10 Things You Should Never Say To A Cat Owner | Purrtacular

10 Things You Should Never Say To A Cat Owner


People who don’t have cats, or never have even owned a cat before, certainly seem to have the most to say about owning them. It makes no sense, right?! And, you know what all their comments have in common? They’re all so stereotypical, couldn’t be farther from the truth, and to a cat owner, they are just annoying and unnecessary. So, non-cat owners, save yourselves the time, and do not say the following to anyone who is a cat owner….

1. Dogs Are Better Than Cats


Apples are better than bananas, mocha beats butter pecan and teal is the new black. Animal preference is strictly personal, and every critter has endearing and maddening qualities … just like their humans. Non-cat people usually do not know any cats, or, if they do, they have taunted a cat and been scratched as a consequence. They foolishly believe that if you like dogs, cats are out.
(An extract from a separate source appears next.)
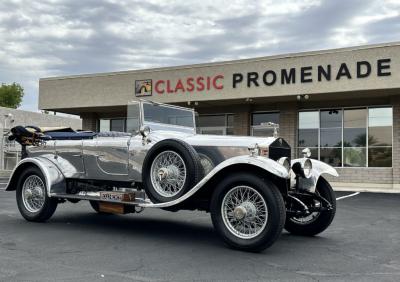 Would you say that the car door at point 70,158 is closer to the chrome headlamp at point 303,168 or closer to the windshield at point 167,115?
the windshield at point 167,115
Besides, many cat parents also share their homes and hearts (but not the cat’s food) with canines.

2. Why Don’t You Declaw Your Cat?


Declawing is definitely not for everyone, and, in fact, in some places it’s becoming illegal. As one anti-declawing vet points out here, cats are born with claws for a specific reason, part of which is to help express themselves. For me, the idea of removing a cat’s claws for the sake of sparing a sofa is a non-starter, so don’t even bother asking me about it.

3. Two Cats? Your Home Must Smell Like Litter!


Cat parents are fully aware of the reality of litter box(es), and the marketplace is flooded with products that make the cleaning chore easier and the eau de litter scent less pungent. Believe it or not, when handled properly, two cats (or even three) make no difference. Diligent owners clean the litter box regularly, just as they put out trash and mop the floor.

4. It Was Just a Cat


The death—whether sudden or expected—of a companion animal is no less jolting than any other loss. Yet thoughtless friends or family may wave off the passing of a cat as a minor inconvenience, like losing a pair of gloves. Minimizing such loss does not cheer up or energize the cat parent who must now mourn the memory of a beloved bundle of purr while at the same time enduring the jeers of others who diss her devotion.

5. You’ve Got Hair All Over You


Wow, that’s breaking news. All cat parents know their sweet kitties shed, and we accept the reality of removing cat hair whenever it appears. (And yes, a mostly black wardrobe can easily be enhanced by the presence of a black cat in the home!) Multiple cats mean multiple hues of cat hair, but at some point, cat parents realize cat hair will never completely vanish, even with an army of sticky rollers. Cat hair all over? Yes. Want some?